Monday, November 03, 2003



I didnt know that san francisco has one of the largest Day of the Dead celebrations in the US. About 10,000 people showed up tonight (sunday) for a march to Garfield park which had been transformed into a site for altars and candles and offerings.

It has been adopted here by artists of course and so in some ways the event had more of the feel of a Burning Man or some other spontaneous excuse for creative expression. A band of skeletal musicians played and danced on a street corner. The street was full of people with whitened faces and blackened teeth. Men are doing drag versions of Posada's Catrina. I saw more than a few gothic dead, people that looked as if they had emerged from an Edward Gorey fantasy.

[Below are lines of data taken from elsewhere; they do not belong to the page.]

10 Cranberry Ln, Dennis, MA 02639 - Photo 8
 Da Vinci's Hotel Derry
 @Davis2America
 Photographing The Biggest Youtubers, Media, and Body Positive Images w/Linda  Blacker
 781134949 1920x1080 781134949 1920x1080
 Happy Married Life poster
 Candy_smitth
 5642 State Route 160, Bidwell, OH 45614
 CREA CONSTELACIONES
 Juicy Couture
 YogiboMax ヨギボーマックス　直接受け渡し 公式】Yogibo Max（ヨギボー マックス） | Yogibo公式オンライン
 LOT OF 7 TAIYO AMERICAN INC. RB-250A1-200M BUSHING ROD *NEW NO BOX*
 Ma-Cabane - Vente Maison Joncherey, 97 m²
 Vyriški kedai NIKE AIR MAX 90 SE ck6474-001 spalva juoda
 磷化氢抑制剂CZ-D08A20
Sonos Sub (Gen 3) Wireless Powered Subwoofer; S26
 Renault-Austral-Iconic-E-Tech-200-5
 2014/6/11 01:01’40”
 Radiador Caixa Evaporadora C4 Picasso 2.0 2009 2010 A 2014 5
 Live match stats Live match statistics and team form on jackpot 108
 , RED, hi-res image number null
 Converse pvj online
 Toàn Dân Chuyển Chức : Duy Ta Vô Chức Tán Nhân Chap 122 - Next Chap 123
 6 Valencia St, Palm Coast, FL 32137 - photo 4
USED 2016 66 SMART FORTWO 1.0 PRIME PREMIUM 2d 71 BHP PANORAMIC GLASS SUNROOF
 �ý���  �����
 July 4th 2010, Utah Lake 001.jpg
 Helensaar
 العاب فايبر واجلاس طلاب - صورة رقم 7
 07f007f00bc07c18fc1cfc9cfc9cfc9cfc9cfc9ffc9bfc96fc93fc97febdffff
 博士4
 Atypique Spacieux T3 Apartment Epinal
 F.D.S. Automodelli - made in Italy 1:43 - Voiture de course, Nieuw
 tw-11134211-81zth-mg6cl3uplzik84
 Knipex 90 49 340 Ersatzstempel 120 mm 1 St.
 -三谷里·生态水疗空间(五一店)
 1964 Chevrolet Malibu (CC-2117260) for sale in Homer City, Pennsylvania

My first instinct about this is to question how authentic such a thing can be. I had noticed, for example, one of the altar artists explaining the significance of mirrors in the altar. The truth is there is no significance except to the artist herself. But this was not adequately explained to the curious onlookers who, to my mind, had been subtley deceived into thinking mirrors played some role in the mexican tradition. (Insert all sorts of questions here about performance and authenticity)

The area in Mexico where I grew up is not too far from the island of Janitzio, an epicenter for Day of the Dead in Mexico. I went to a few celebrations as a child but my memory is fuzzy and so I talked to my mother about this. Her memories are of large offerings in the graveyard, a festival atmosphere in which mariachi bands sometimes played among the tombstones. Children would laugh and play and make jokes about death - she remembers the equivalent of 'kick me' signs you would slap on the backs of others, except that instead the signs said 'Bury me, Im dead' or 'I have such bad breath, I must be dead." The more creative ones would also rhyme.

These things seem strange to us here where a graveyard is a solemn place. But a Day of the Dead is a party with the Dead. It fits in suprisingly well with what Octavio Paz described in his book, The Labyrinth of Solitude, as that Mexican sense of fatalism and comradery with death:

The Mexican . . . is familiar with death, jokes about it, caresses it, sleeps with it, celebrates it; it is one of his favorite toys and his most steadfast love. True, there is perhaps as much fear in his attitude as in that of others, but at least death is not hidden away (. . .) Death [in the poetry of Gorostiza and Villaurrutia can be seen] as nostalgia, rather than as the fruition or end of life, [it] is death as origin. The ancient, original source is the grave, not a womb.


My mother is relying on her memory because the truth is that up until recently Day of the Dead has been a dying tradition in Mexico. It is still practiced but it is not catholic-approved and so it is the rite of a dying generation. The rites in Janitzio are authentic but so many Westerners are enchanted by these rituals that the small little island is unfortunately over-run by tourists and thus by the threat of being suffocated into extinction.

But it also may be the beauty of these rituals which may rescue it yet. My mother notes that there is a returning fascination in Mexico and that which was almost forgotten is now being re-learned. The aesthetic enchantment of the Day of the Dead, its dancing skeletons, its beautiful candlelit processions, its attempt to unite two worlds is appealing also to non-mexicans and so my mother tells me, I should not be so judgemental. She doesnt see it as a corruption but looks forward to seeing San Francisco's rendition of this old pagan tradition.